### What you are asked to do
Retype, word for word, the line holding "Women Clothes Fitness" and every line below it to the end of the listing. Leave out the pictures.
━━━━━ Source data
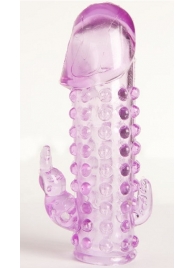 Закрытая фиолетовая насадка с 2 отростками - 13 см. - Toyfa Basic - в Тольятти купить с доставкой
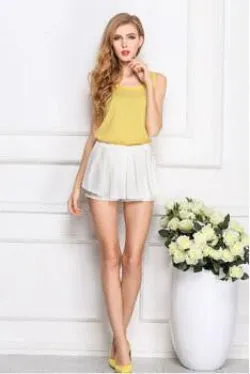 Women Clothes Fitness Tank Top Cropped Chiffon Sleeveless Causal T Shirt Women Vest Crop Tops 16 color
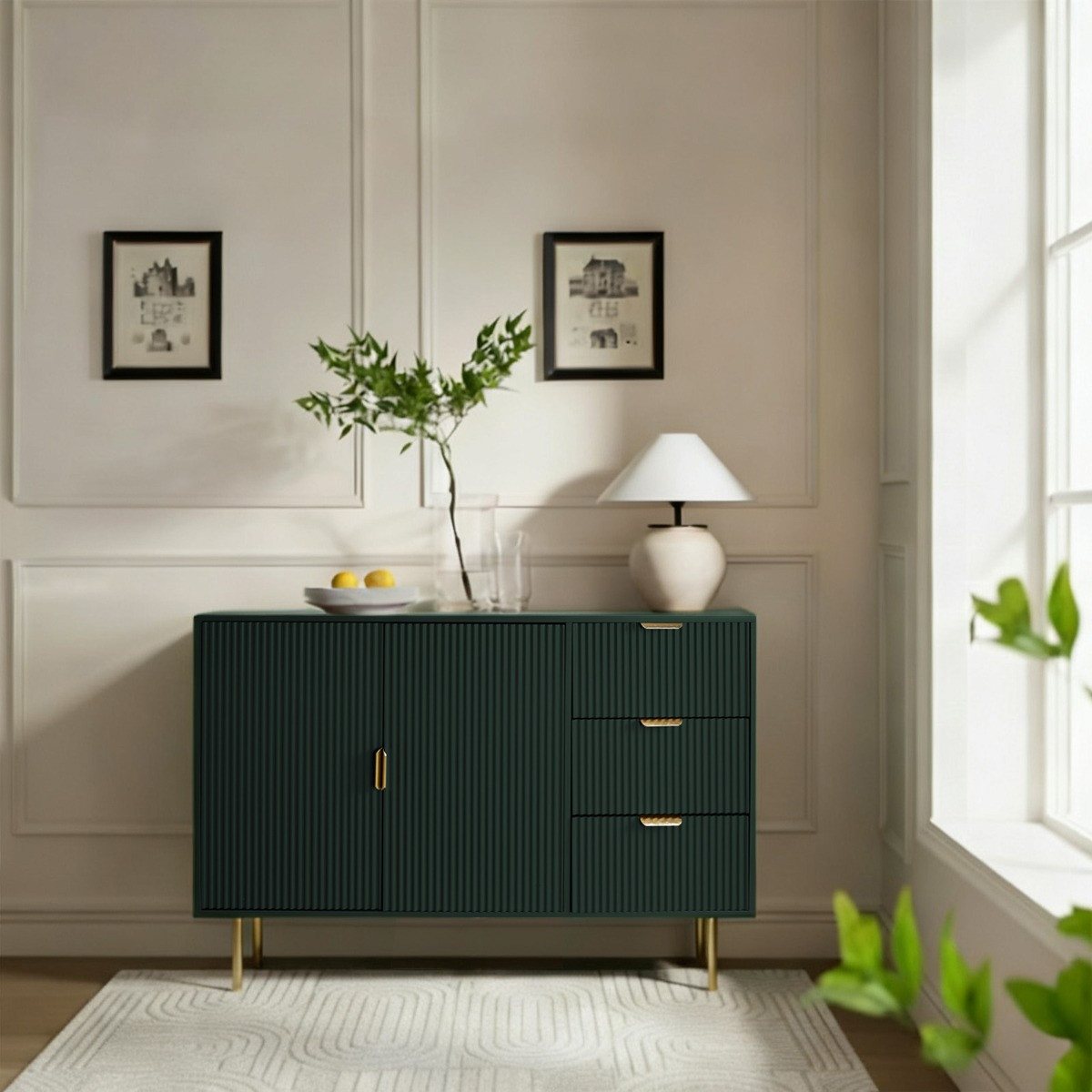 OHS Ribbed Sideboard - Deep Forest Green>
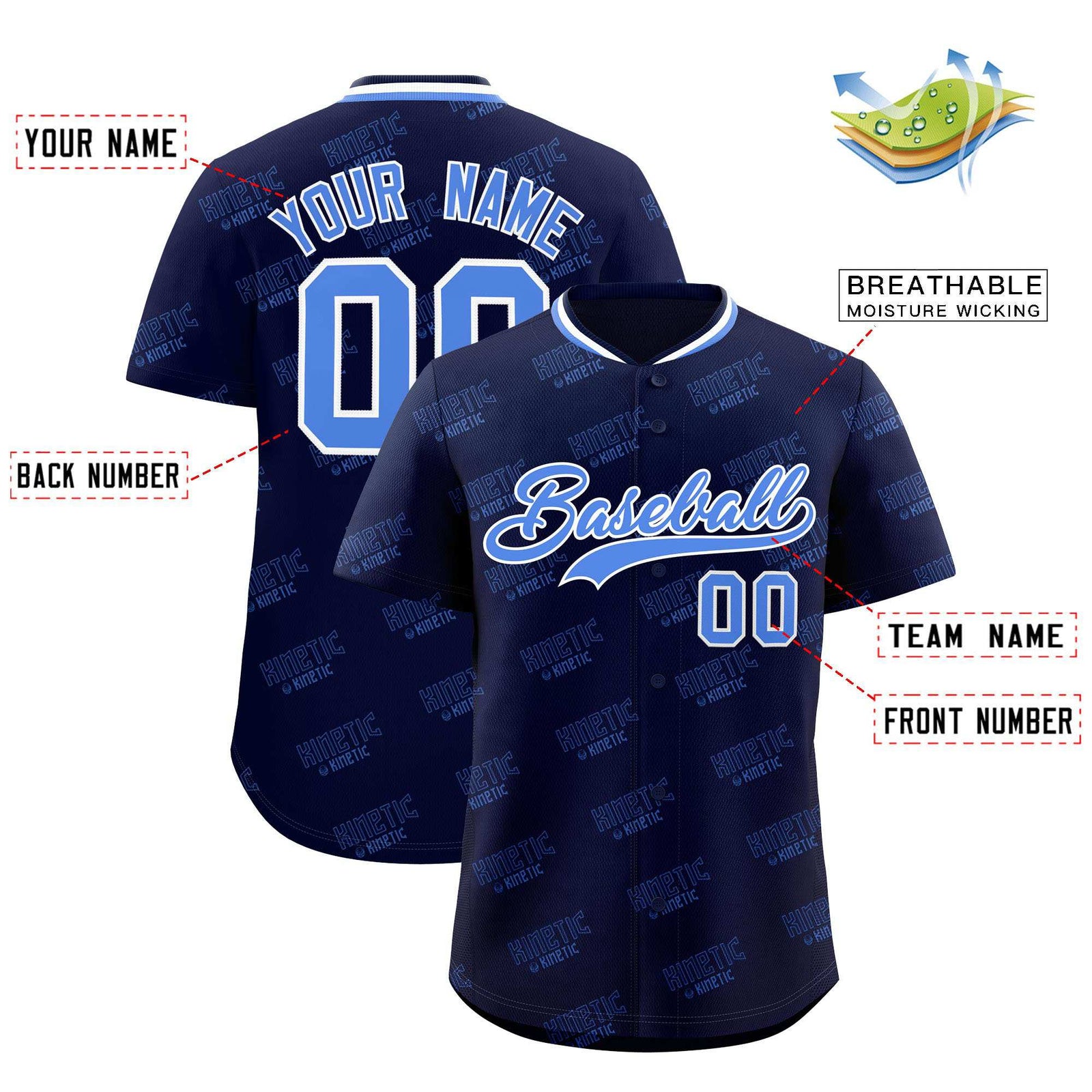 Custom Navy Powder Blue Full Button Text Graffiti Pattern Authentic Baseball Jersey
━━━━━━━━━━
### Answer to this problem
 Women Clothes Fitness Tank Top Cropped Chiffon Sleeveless Causal T Shirt Women Vest Crop Tops 16 color
 OHS Ribbed Sideboard - Deep Forest Green>
 Custom Navy Powder Blue Full Button Text Graffiti Pattern Authentic Baseball Jersey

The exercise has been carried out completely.